Short text fragments from websites:
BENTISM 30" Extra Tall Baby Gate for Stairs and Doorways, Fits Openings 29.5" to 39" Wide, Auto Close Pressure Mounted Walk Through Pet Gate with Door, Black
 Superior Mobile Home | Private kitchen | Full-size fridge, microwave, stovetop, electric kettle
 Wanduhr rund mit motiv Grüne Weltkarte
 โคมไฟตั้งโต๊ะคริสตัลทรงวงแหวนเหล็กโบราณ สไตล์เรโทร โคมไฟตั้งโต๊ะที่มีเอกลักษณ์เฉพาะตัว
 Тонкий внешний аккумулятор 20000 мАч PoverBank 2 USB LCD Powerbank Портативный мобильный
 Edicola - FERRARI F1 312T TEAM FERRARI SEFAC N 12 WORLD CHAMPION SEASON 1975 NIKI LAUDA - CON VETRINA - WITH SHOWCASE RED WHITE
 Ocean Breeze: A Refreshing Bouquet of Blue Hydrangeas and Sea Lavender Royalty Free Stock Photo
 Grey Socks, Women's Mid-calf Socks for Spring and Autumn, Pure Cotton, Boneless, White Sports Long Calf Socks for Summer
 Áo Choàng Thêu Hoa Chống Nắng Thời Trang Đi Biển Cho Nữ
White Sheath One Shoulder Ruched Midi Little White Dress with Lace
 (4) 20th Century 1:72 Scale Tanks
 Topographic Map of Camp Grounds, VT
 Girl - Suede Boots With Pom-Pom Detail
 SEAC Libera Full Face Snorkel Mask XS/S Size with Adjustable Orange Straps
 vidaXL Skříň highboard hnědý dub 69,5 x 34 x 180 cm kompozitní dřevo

Work item:
After locating the line that contains "Áo Choàng Thêu", please copy exactly every line from the start of the records through it, and nothing else.

Task result:
BENTISM 30" Extra Tall Baby Gate for Stairs and Doorways, Fits Openings 29.5" to 39" Wide, Auto Close Pressure Mounted Walk Through Pet Gate with Door, Black
 Superior Mobile Home | Private kitchen | Full-size fridge, microwave, stovetop, electric kettle
 Wanduhr rund mit motiv Grüne Weltkarte
 โคมไฟตั้งโต๊ะคริสตัลทรงวงแหวนเหล็กโบราณ สไตล์เรโทร โคมไฟตั้งโต๊ะที่มีเอกลักษณ์เฉพาะตัว
 Тонкий внешний аккумулятор 20000 мАч PoverBank 2 USB LCD Powerbank Портативный мобильный
 Edicola - FERRARI F1 312T TEAM FERRARI SEFAC N 12 WORLD CHAMPION SEASON 1975 NIKI LAUDA - CON VETRINA - WITH SHOWCASE RED WHITE
 Ocean Breeze: A Refreshing Bouquet of Blue Hydrangeas and Sea Lavender Royalty Free Stock Photo
 Grey Socks, Women's Mid-calf Socks for Spring and Autumn, Pure Cotton, Boneless, White Sports Long Calf Socks for Summer
 Áo Choàng Thêu Hoa Chống Nắng Thời Trang Đi Biển Cho Nữ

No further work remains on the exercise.